Over
the summer, members of The Friends of Honeywood Museum convened at the site of a
now-demolished 18th-century country house in Surrey, England, to discover evidence of an architectural curiosity: a cock-pit built for
Edward Smith-Stanley, 12th Earl of Derby, a Georgian Croesus whom historian Alistair
Rowan once described as “one of the Adam brothers’ most opulent patrons.”
While
steering well clear of animal-rights issues in this space, I do want to go
on record with my fascination with this project—and not only the archaeological dig, which unearthed nothing relating to the cock-pit, though its participants fished up antique brick foundations, the remains of 18th-century plaster architectural details, and a 1903 farthing. What impresses me most with The Oaks is Lord
Derby’s ingenious solution for fulfilling his at-home gaming desires. Designed as a mini-stadium for watching angry roosters maim each other in the name of sport, the earl’s
cock-pit was integrated into The Oaks, his dog's-breakfast of a country house.

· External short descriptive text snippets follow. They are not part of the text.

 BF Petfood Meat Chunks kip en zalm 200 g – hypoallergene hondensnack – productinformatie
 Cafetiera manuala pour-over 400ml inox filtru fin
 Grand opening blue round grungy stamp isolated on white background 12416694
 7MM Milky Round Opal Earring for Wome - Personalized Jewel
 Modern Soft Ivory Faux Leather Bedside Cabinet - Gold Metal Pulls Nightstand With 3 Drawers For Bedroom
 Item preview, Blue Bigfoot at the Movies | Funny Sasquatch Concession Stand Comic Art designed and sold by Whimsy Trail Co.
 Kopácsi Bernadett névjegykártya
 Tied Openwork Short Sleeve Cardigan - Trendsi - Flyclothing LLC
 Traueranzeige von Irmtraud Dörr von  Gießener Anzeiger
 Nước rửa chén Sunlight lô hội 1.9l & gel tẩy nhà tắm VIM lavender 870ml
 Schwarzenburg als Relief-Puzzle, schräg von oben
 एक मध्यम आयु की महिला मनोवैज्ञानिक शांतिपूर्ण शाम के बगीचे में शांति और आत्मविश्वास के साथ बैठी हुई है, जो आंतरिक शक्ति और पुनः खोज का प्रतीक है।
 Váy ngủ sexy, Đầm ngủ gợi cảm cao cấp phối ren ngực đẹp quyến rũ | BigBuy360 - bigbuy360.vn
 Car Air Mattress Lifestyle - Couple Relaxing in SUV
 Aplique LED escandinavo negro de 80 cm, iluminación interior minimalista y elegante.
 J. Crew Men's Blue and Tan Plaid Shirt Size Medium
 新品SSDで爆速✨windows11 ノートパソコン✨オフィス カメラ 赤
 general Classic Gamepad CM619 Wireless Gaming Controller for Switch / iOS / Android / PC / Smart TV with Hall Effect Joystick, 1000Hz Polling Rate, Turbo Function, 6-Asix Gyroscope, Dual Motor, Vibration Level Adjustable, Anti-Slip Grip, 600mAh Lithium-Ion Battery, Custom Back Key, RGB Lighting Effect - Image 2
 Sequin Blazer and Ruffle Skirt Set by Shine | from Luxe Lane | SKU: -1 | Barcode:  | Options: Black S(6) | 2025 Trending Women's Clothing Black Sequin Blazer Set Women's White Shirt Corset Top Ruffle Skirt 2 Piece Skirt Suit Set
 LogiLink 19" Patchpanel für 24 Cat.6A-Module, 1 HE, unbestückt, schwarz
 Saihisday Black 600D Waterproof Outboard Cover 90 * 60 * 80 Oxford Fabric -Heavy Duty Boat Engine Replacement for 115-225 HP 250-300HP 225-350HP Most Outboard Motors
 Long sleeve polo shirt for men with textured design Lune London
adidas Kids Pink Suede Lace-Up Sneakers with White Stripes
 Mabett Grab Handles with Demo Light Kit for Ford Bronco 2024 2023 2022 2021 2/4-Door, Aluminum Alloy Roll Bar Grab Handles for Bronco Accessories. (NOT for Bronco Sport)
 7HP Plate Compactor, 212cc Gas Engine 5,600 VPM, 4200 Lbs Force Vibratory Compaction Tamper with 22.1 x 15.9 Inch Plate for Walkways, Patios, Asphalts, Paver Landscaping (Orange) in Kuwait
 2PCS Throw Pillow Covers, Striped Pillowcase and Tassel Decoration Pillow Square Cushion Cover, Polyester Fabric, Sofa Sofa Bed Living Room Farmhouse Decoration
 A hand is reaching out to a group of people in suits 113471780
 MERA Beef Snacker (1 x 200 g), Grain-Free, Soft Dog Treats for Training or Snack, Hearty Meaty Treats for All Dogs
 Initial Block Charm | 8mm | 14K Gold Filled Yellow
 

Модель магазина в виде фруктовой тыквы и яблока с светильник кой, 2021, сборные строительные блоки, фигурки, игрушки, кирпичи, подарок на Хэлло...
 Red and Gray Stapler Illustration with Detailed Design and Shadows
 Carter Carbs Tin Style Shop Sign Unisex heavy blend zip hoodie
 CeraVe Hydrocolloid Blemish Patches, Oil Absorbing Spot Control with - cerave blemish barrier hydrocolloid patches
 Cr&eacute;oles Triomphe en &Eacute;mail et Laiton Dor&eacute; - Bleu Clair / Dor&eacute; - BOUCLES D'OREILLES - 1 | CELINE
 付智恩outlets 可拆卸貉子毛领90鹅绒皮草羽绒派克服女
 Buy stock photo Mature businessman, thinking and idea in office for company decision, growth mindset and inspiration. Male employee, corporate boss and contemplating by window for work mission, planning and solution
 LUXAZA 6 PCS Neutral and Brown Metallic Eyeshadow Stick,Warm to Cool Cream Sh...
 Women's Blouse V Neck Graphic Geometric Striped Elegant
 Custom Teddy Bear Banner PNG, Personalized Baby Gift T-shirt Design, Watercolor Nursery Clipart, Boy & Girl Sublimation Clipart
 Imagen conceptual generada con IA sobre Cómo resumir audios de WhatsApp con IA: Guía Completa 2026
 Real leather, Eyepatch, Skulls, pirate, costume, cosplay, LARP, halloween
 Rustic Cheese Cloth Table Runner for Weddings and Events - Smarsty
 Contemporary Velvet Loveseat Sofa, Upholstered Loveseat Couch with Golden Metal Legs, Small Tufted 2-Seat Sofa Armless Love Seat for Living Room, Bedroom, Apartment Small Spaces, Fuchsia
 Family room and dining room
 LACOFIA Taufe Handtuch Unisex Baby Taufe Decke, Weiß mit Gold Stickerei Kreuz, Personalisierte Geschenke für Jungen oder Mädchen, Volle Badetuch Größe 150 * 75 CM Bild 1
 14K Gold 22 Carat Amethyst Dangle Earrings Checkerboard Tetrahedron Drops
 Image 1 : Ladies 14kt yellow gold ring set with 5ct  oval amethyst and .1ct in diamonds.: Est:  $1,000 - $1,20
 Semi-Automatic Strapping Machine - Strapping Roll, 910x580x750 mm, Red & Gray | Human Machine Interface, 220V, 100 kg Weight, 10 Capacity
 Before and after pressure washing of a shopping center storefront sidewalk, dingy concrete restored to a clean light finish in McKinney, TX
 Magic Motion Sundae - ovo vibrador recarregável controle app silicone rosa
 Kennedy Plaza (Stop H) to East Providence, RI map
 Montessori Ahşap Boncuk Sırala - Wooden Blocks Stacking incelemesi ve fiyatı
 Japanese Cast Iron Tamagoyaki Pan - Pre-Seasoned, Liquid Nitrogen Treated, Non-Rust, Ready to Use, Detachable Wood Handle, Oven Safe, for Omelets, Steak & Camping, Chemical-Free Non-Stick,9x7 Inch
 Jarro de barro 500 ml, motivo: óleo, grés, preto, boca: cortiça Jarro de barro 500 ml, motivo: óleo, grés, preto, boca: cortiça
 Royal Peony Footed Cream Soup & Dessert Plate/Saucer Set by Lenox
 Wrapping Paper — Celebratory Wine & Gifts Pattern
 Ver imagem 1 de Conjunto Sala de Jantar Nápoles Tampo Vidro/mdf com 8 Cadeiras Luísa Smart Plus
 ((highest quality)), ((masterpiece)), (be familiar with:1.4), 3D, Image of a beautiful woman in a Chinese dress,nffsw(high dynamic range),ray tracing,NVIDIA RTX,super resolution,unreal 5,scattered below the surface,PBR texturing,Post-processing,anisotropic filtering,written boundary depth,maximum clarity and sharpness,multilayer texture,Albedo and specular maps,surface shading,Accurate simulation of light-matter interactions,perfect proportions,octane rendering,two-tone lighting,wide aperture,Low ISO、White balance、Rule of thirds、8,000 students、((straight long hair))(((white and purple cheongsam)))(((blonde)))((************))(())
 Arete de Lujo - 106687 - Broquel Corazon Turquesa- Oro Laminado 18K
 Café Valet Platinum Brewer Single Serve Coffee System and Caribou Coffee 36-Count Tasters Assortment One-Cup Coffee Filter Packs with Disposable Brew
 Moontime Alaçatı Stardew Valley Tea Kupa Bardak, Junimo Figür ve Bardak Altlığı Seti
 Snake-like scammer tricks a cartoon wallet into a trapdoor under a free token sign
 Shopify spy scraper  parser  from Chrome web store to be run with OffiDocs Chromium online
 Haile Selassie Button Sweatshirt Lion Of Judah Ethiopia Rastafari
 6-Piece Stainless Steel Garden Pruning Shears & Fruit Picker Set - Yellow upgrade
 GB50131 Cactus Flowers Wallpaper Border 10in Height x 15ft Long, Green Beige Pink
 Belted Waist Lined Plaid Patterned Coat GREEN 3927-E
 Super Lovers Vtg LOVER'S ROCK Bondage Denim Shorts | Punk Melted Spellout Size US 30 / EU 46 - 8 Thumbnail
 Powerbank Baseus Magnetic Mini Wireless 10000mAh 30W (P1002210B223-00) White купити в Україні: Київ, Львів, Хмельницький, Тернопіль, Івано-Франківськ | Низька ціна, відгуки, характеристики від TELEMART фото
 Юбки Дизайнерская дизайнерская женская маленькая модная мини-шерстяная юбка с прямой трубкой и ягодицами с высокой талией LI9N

The Oaks, as seen in an 1809 engraving. |
The building, which has been little studied, appears to have been a picturesque mishmash, set in the midst of a handsome park with gentle hills and painterly clumps of trees. Architectural historian Nikolaus Pevsner, for one, gingerly called The Oaks "large and irregular." (One suspects he really meant "ungainly and unfortunate" but couldn't bring himself to write the words.) Architect Robert Taylor designed its initial Palladian-villa phase in the 1750s and expanded that in 1765 for Lord Derby's paternal grandfather.
In 1774, in order to celebrate his forthcoming wedding to a daughter of the 6th Duke of Hamilton, the young aristocrat commissioned Robert Adam to erect a grandiose pavilion alongside. The temporary structure was built for one purpose only: to serve as the centerpiece of a fĂȘte champetre, a country-theme entertainment whose extravagance bedazzled Georgian society—Parliament actually went on hiatus so its noble members could attend the fancy-dress shindig. By the end of the century, The Oaks had again increased in size and appearance, a drizzle of castellation giving it the countenance of a fanciful castle. It was sold out of the Stanley
family in the mid 19th century and razed to the ground by 1960.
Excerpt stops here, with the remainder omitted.